Spain has a government again, but stability is likely to be some time coming

Last Saturday after a ten-month stalemate the conservative Mariano Rajoy was elected again as the new prime minister of the Kingdom of Spain. While – as expected – the leader of the PP failed to obtain the required absolute majority in Thursday’s initial round of voting, in Saturday’s parliamentary vote he only needed a simple majority.
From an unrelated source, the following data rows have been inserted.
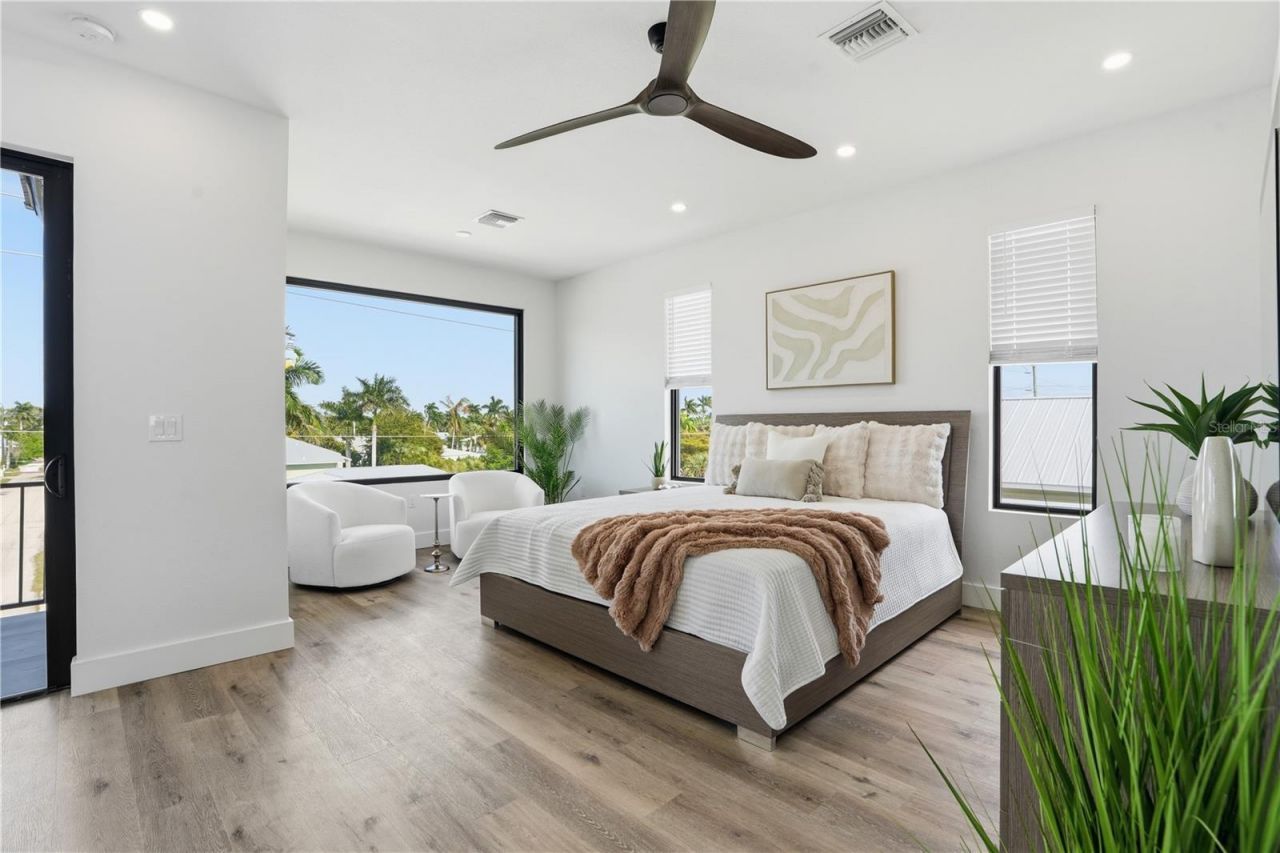 940 W Olympia Avenue, Punta Gorda, FL 33950 Photo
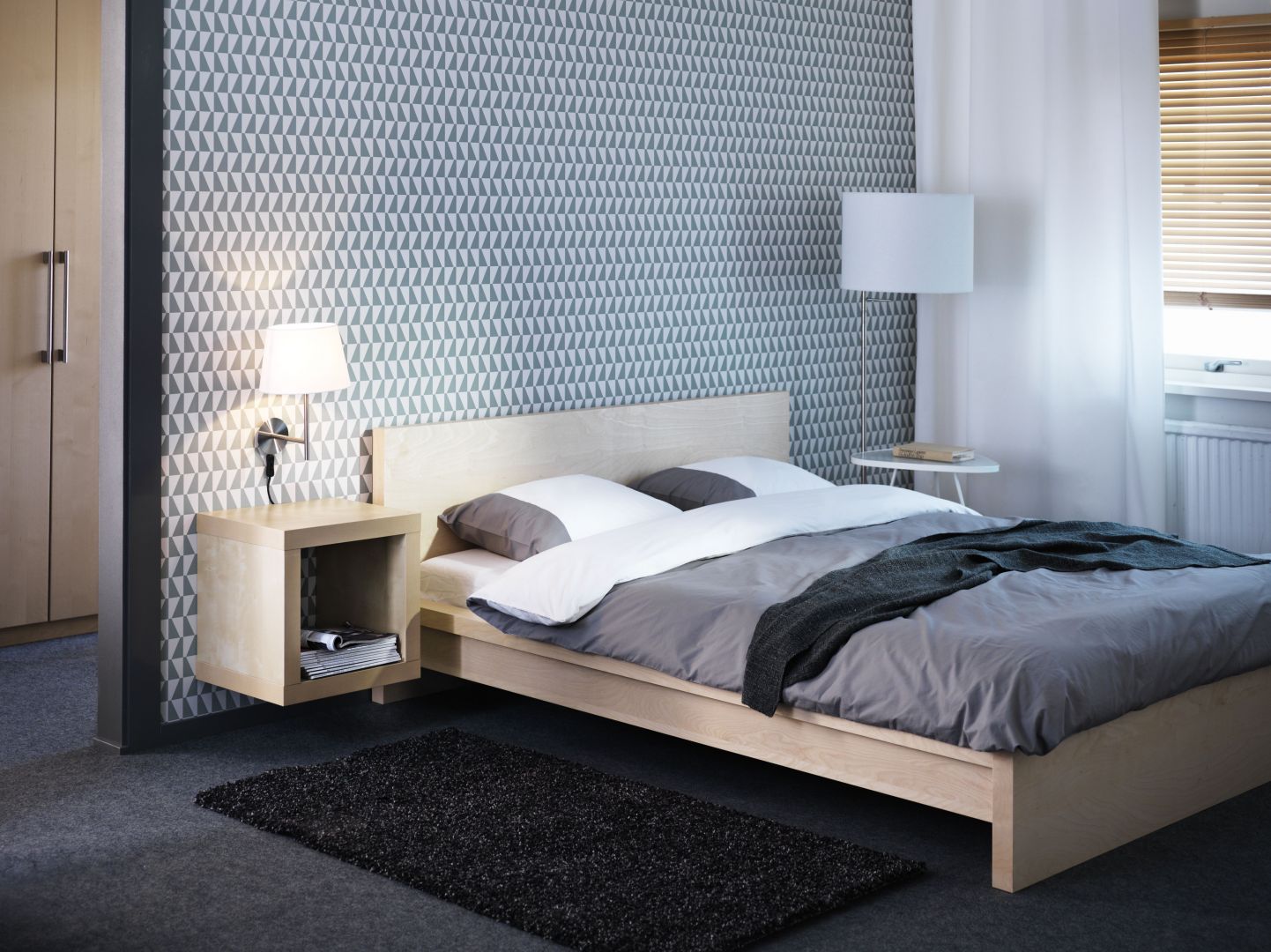 Łóżko Malm w okleinie brzozowej o niskiej ramie łóżka. Dno łóżka z drewnianych listew. 
Fot. IKEA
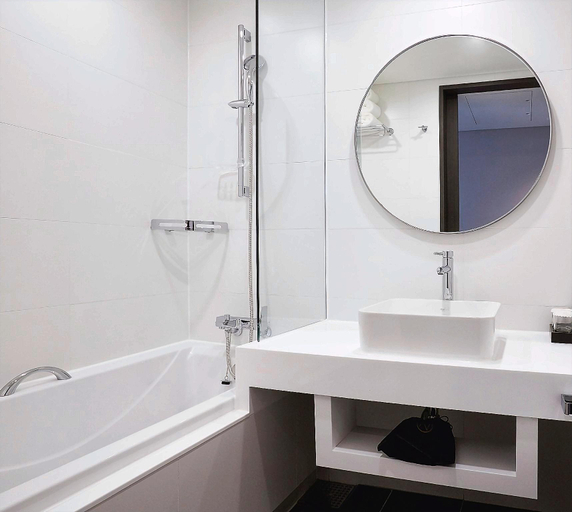 Bathroom 17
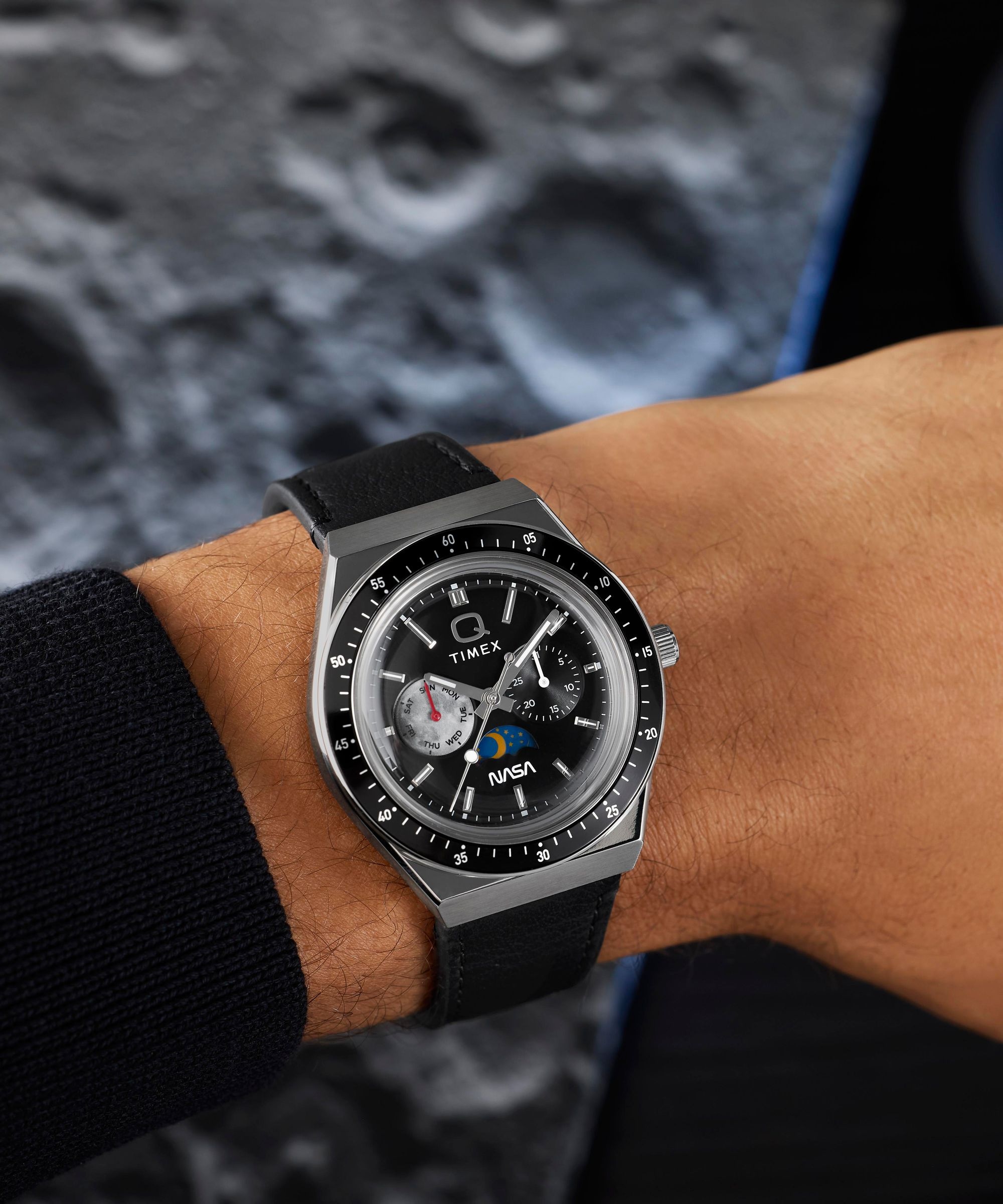 Timex Quarzuhr »Q Timex Vintage Inspired NASA« Armbanduhr, Herrenuhr, Lederarmband, analog, Wochentag, Tag, Mondphase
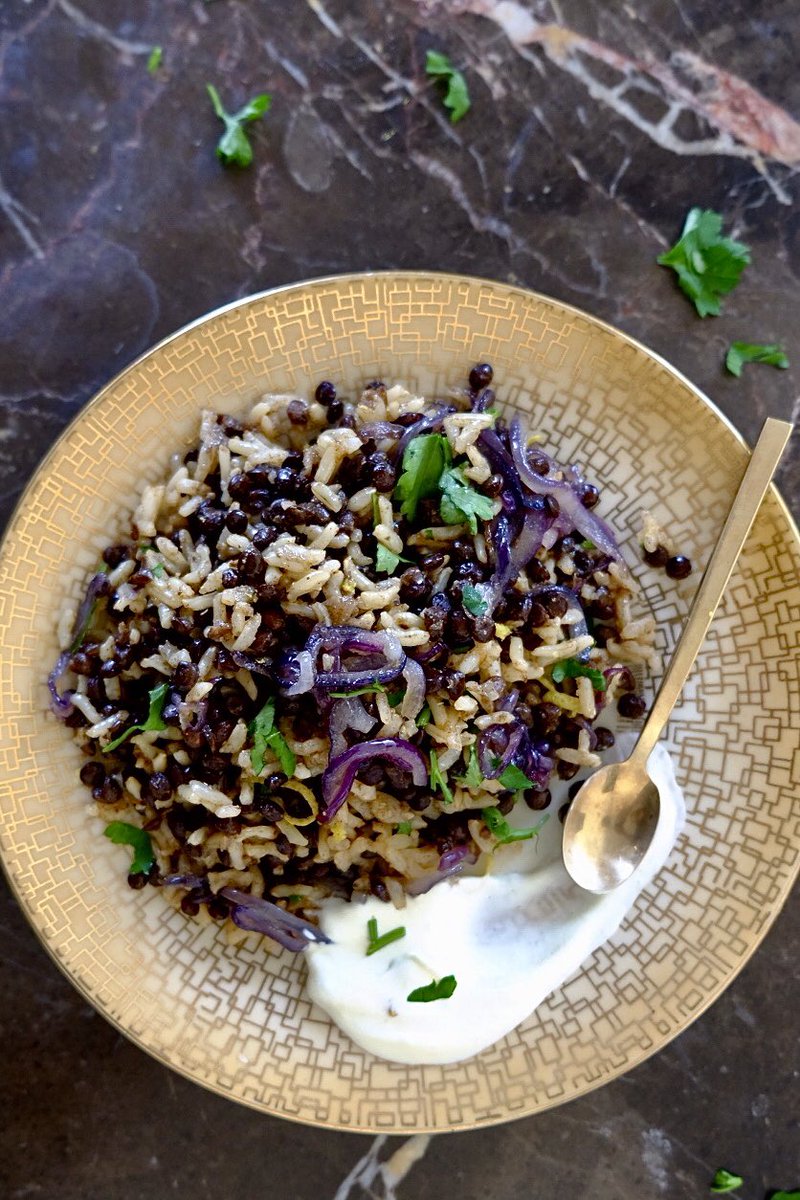 🖤 Middle Eastern Mujadarra rice with fried onions 🖤
👉🏼 myprimrosehillkitchen.com/2016/10/16/muj…

#recipeoftheday #recipe #plantbased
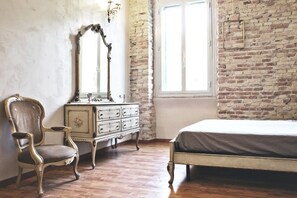 Double Room | Hypo-allergenic bedding, soundproofing, iron/ironing board, free WiFi - Casa particular vintage (Rome)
King Felipe VI swore in Rajoy as prime minister today, initially putting an end to the political stalemate in Spain. But it remains to be seen how stable the new minority government, which will have to rely on the support of the Socialists, will prove to be. This shotgun marriage of convenience between the two main arch rivals, the PP and the PSOE, is a novelty in the history of Spanish government. It was mainly out of fear of more new elections in which they would probably have lost even more votes that the Socialists came round to supporting the Conservatives. The two rivals now have to find common ground that allows the government to function. Although the PP is basically likely to tend to continue with its business-friendly and austerity-minded course, it will have to make some concessions to its unloved alliance partner. The PSOE has already said it will put up vehement resistance against the budget plan put forward by the conservative transitional government, which already heralds the first acid test.

In this way the Socialists make it clear that they intend to take up a clear position in order to improve their dented image among voters. It is, therefore, extremely doubtful whether the minority government will be able to survive the complete four-year legislative period. If the Socialists succeed in putting an end to their internal quarrels and regaining approval in the population, the marriage of convenience could break up again.